На нашем сайте KnigaRead.com Вы можете абсолютно бесплатно читать книгу онлайн Василий Росляков, "Витенька" бесплатно, без регистрации.
Перейти на страницу:

С детства ненавижу тьму и боюсь ее. Сколько раз пробовал перебороть себя — ходил через ночное кладбище, по ночному полю, по ночному лесу, и всегда мне было нехорошо. На знакомой лесной дороге все пни, коряги, кусты ночью становятся другими, жуткими, вокруг все странно начинает шевелиться, перемигиваться, подкарауливать. От малого шороха или даже от одной мысли о шорохе весь я цепенею, волосы поднимаются, кожа на голове, на спине и на скулах стягивается, ей хочется уменьшиться, спрятаться куда-нибудь, а ведь я в это время стараюсь даже напевать немного. Но мелодия не идет, не подвигается, а вертится на одном месте. Я люблю тебя, жизнь… я люблю тебя, жизнь… И так далее. Не продвигается.

Ненавижу ночь. Как и одиночество. Не зря в них вот это созвучие: ночь — одиночество. Устал я от этих ночей. И дела мои не идут, что-то разладилось, распалось, не соберешь. Идти в свою конуру, включать пустынное электричество, а потом… Что потом? Нет уж, я просто не перенесу эту ночь. Пойду к Василь Николаевичу. И как только подумал об этом, засобирался, задвигался, бутылку «Экстры» сунул в карман, палку выбрал ореховую, так сразу отлегло от души. Бодро зашагал по двору, бодро вышел на улицу, хотя уже совсем стемнело и стоял тот самый, ненавистный мне, час. К Василь Николаевичу! И как это я раньше не сообразил, в голову не взял! Какая счастливая мысль! Я почти что бежал в темноте, к знакомому дому. Из всей деревни я знал одного его, Василь Николаевича, своего бывшего хозяина, Работал он где-то в больничных корпусах, скрытых в лесу, за оврагом. И мне всегда было приятно уловить глазом его маленькую фигурку в больших сапогах то на тропинке через овраг, то возле прудов, то на улице. С высокими голенищами, в которые уходили не только ноги, но и сам Василь Николаевич больше чем наполовину, это сапоги, казалось, сами шли, а не Василь Николаевич ходил в них. Вон идут сапоги, думал я невольно, когда случалось увидеть издали Василь Николаевича.

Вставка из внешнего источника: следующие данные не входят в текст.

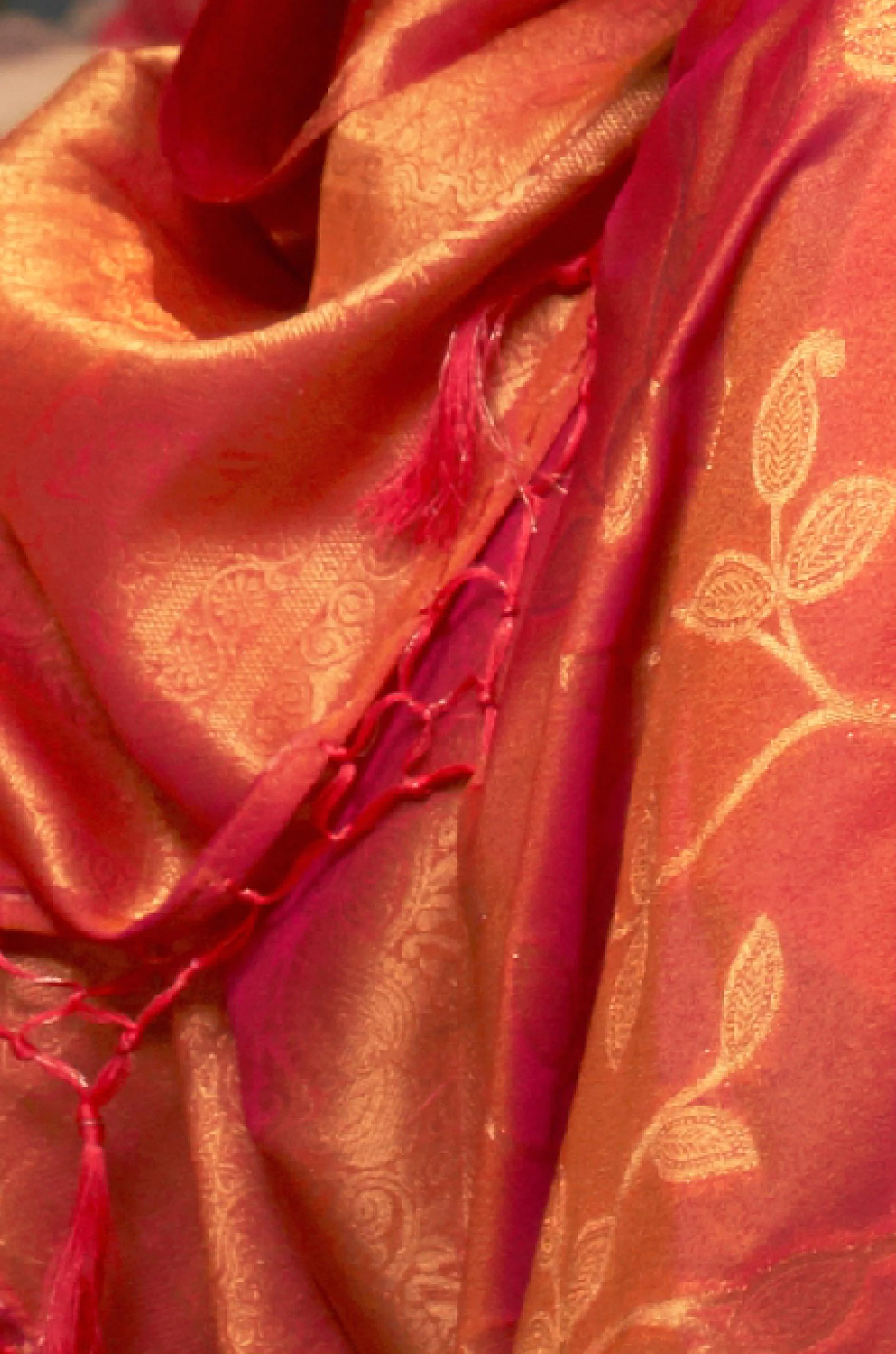Pink Woven Silk Saree - Image 2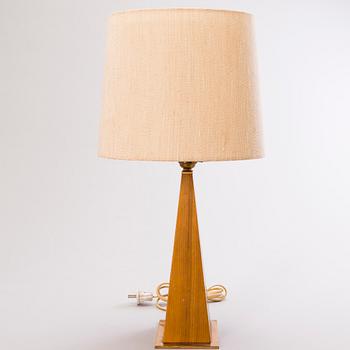 MARIA LINDEMAN, pöytävalaisin, Idman 1960-luku.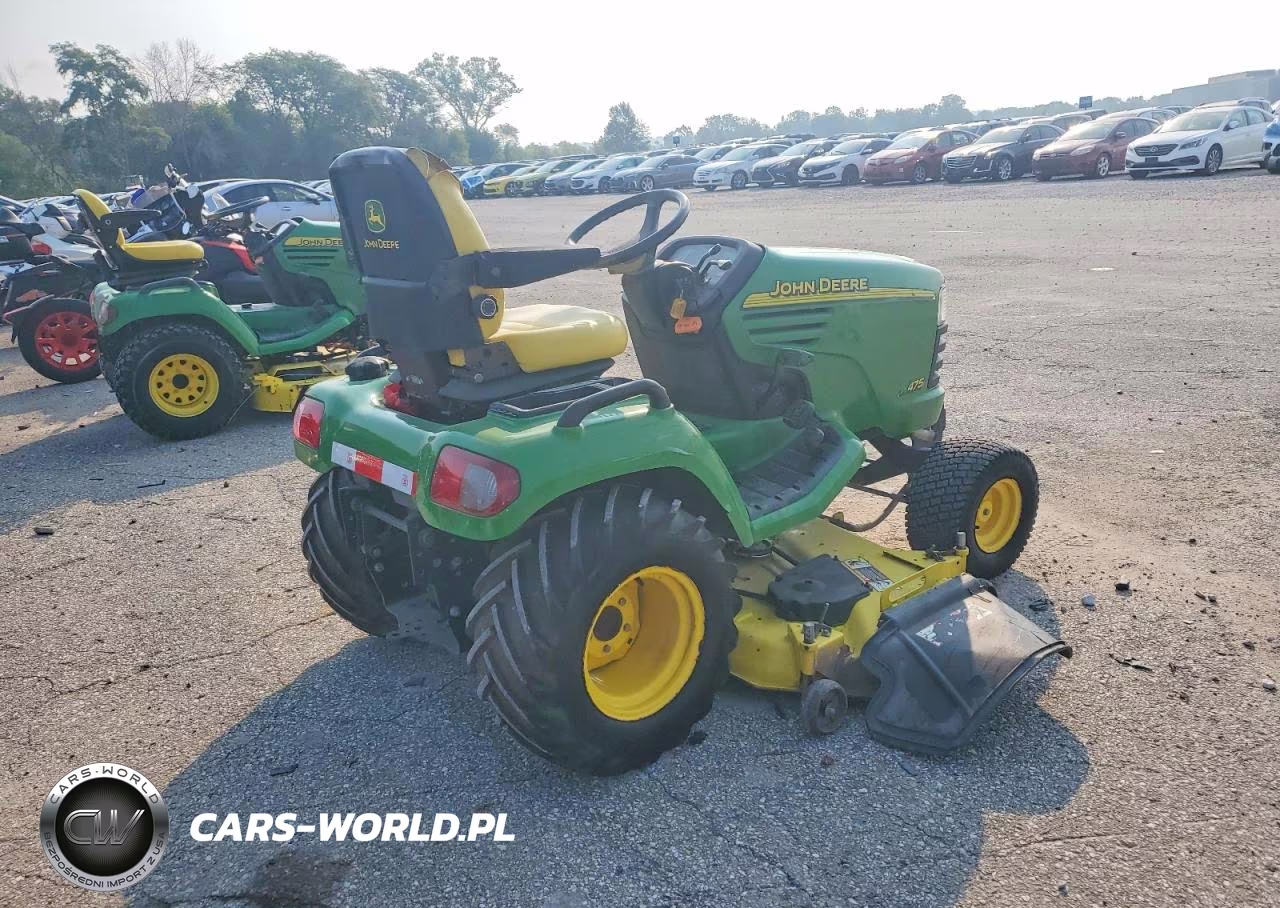 2010 John Deere X475 Lawn Mower VIN:M0X475A040315 - 4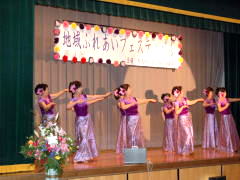 華やかなフラダンスで会場も盛り上がる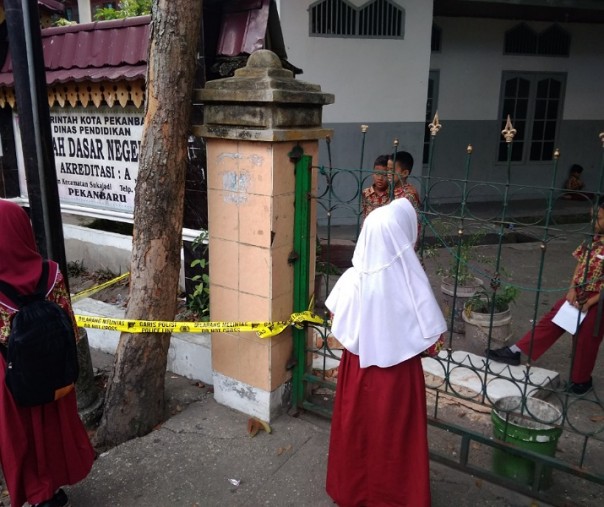 Pagar di salah satu Sekolah Dasar di Pekanbaru roboh (Foto: Zar/Riau1.com)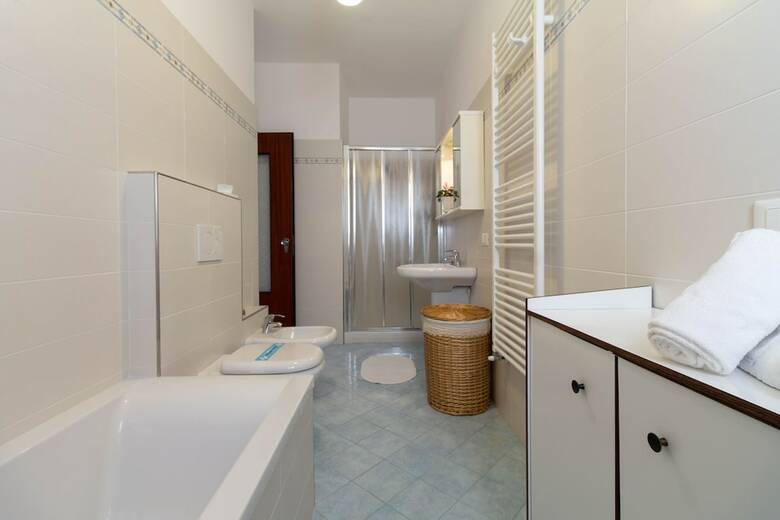 Mamma Ciccia Holiday Home - Lake Front Apartment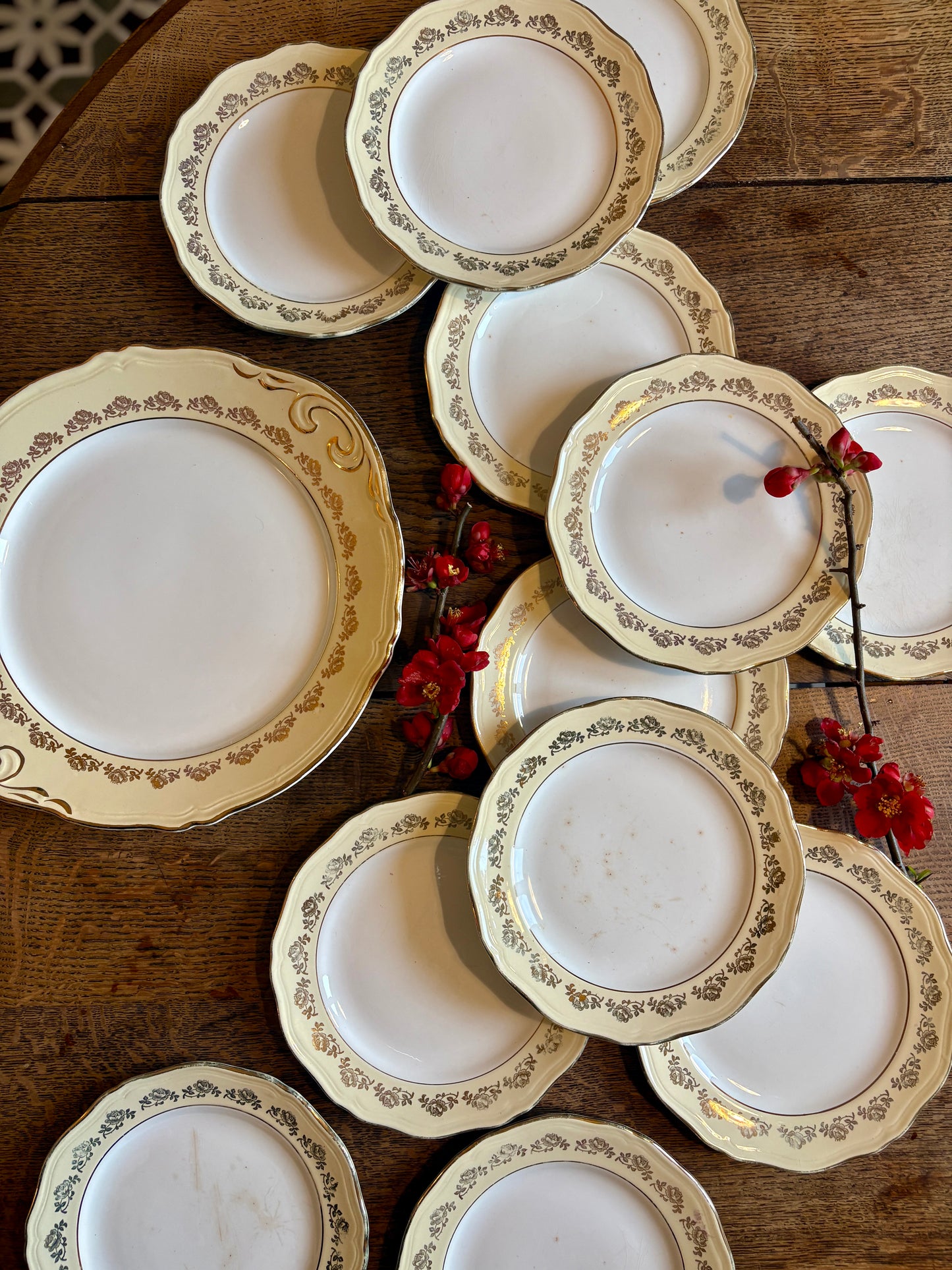 Service à gâteau vintage l'Amandinoise jaune et or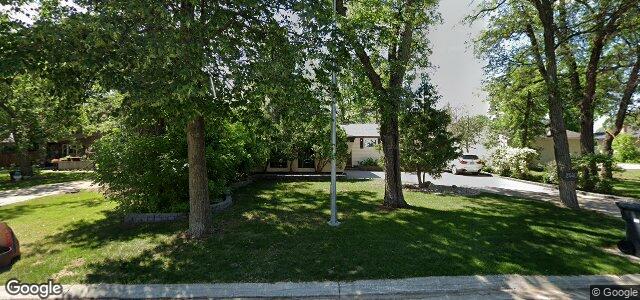 2540 Assiniboine Crescent（加拿大曼尼托巴省溫尼伯市）房屋照片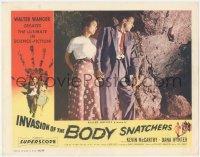 6m0128 INVASION OF THE BODY SNATCHERS LC 1956 scared Kevin McCarthy & Dana Wynter inside cave!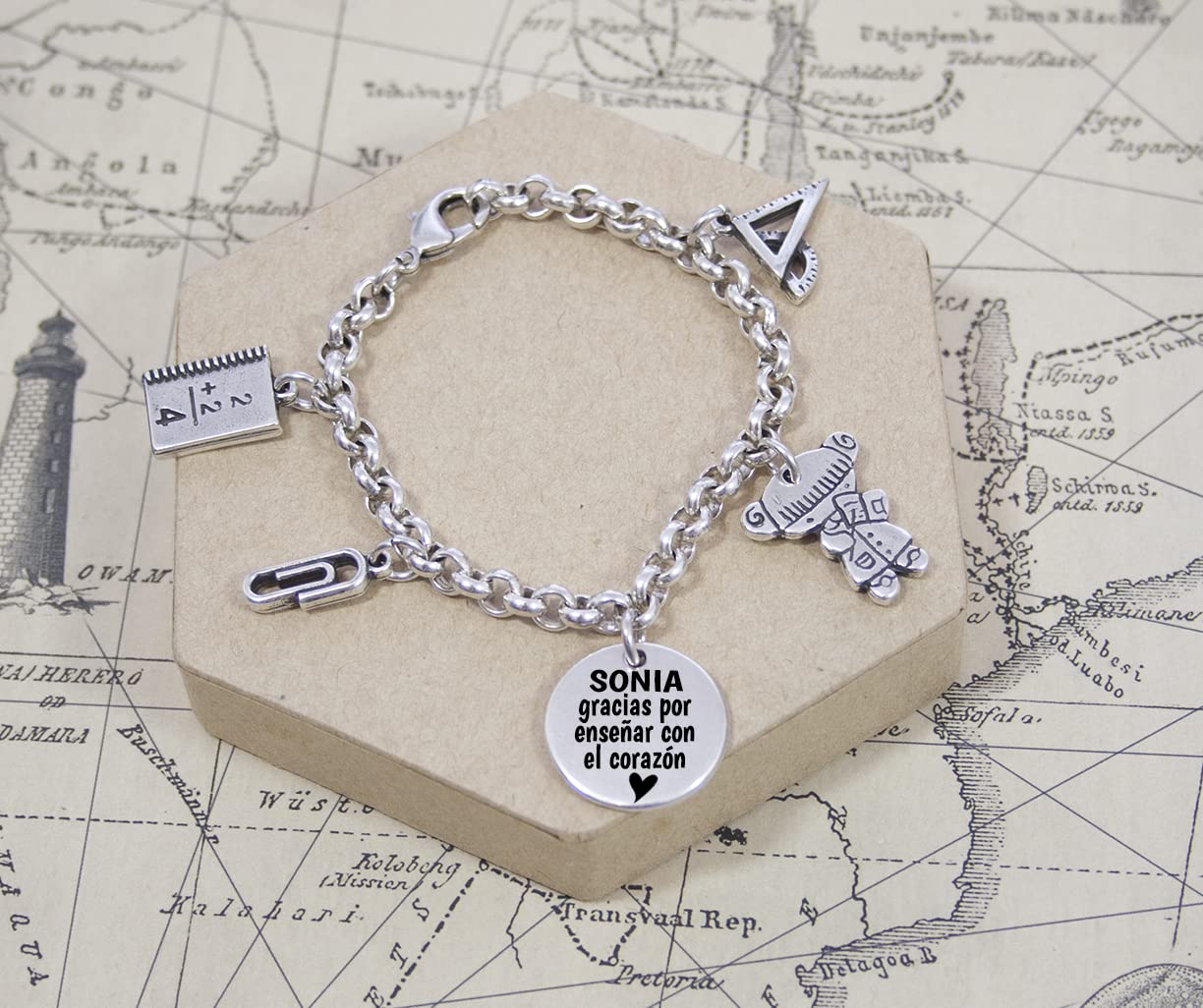 Pulsera charms PROFE. Pulsera de eslabones especial profesoras. Regalos para profesores. Ideal para regalar en fin de curso. Regalos personalizados y originales para profes.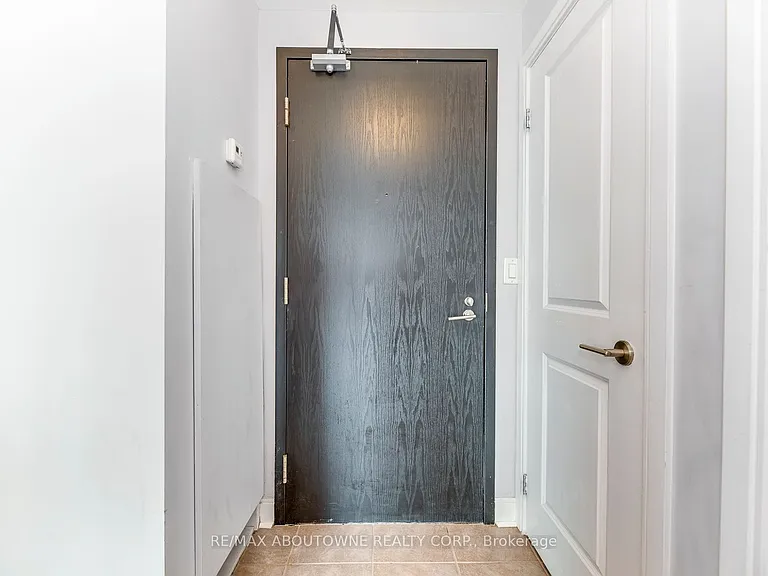 18 Yorkville Ave #3204 — Photo 3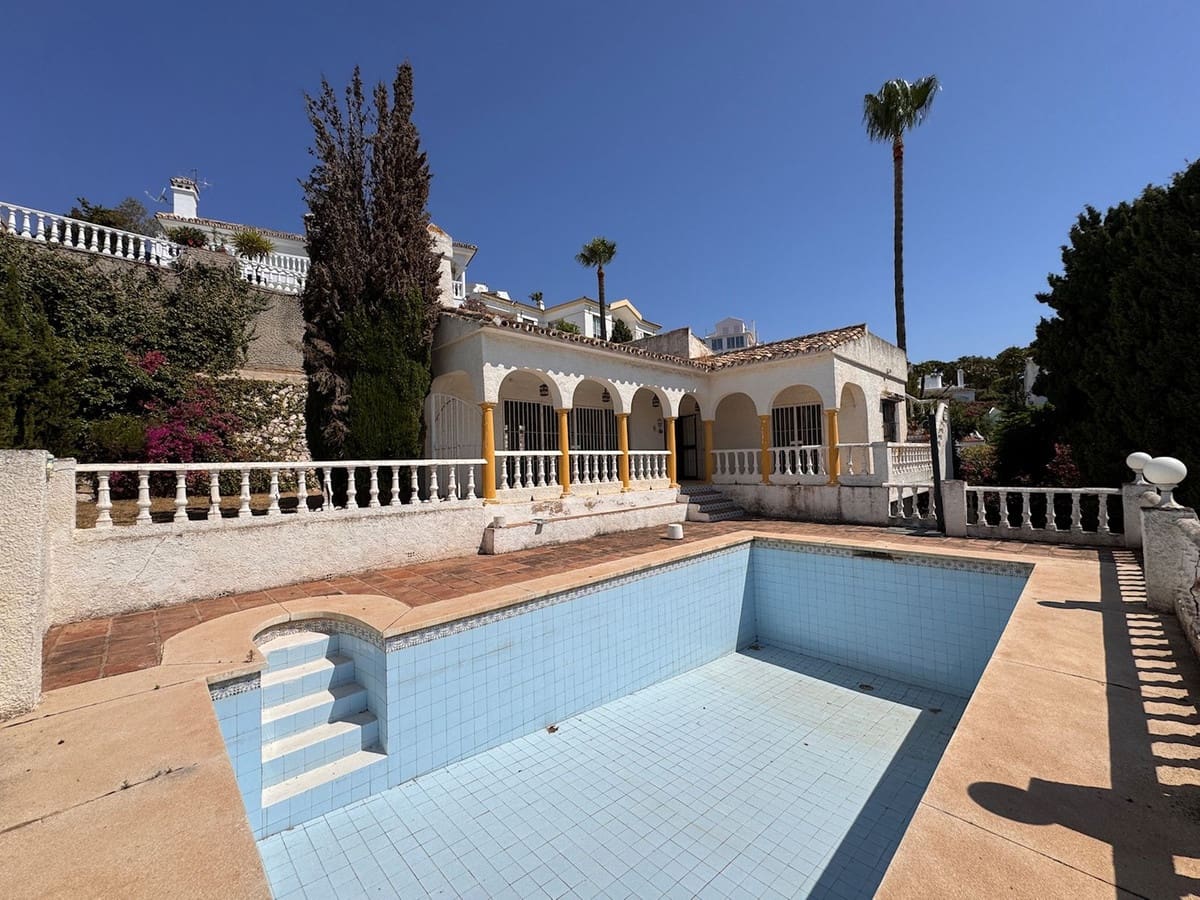 3 soveværelse Villa til salg i Miraflores med swimmingpool garage - € 695.000 (Ref: 9058220)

В окнах его дома было темно, только в одном мерцал голубой свет. Телевизор смотрят. Бывало, сидишь на пруду с удочкой, оглянешься: сапоги. Не берет? Не берет, ни на что не берет, Василь Николаевич. И не будет. Это почему? А вот когда с лип этих лист упадет, ну и то не будет брать, она начнет, лишь только когда лист на дно ляжет. Вон когда.

Или: здравствуйте, Василь Николаевич! Здравствуй, здравствуй, посидеть, что ль, пошел? Да вот собрался, Василь Николаевич. Не будет брать сегодня. Почему не будет? Больная она, не будет брать. Вы вроде видите ее, через воду на нее глядите. Ясное дело, что вижу, как же не видеть, сколько годов хожу. Нынче она мордой в илу уперлась и не глядит ни на что. Ты ей давай хоть под самый нос, не возьмет, ничего не возьмет, хоть убей. Болеет, не ее погода. У самого же в пакете, в прозрачном, большая рыбина. Неужели плотва такая? Не, у плотвы голова другая, и глаз красный, а чешуя у ей помельче будет…

Мерцает одно окошко. Покричал я на голубой свет через штакетник. Спустя время, открылась дверь с веранды, свет зажегся. Выглянул Василь Николаевич, без сапог, в шерстяных носках.

— Давай сюда, кто там?

— Вот пришел, — говорю, — может, некстати, не вовремя, посидеть захотелось. Извините, — говорю.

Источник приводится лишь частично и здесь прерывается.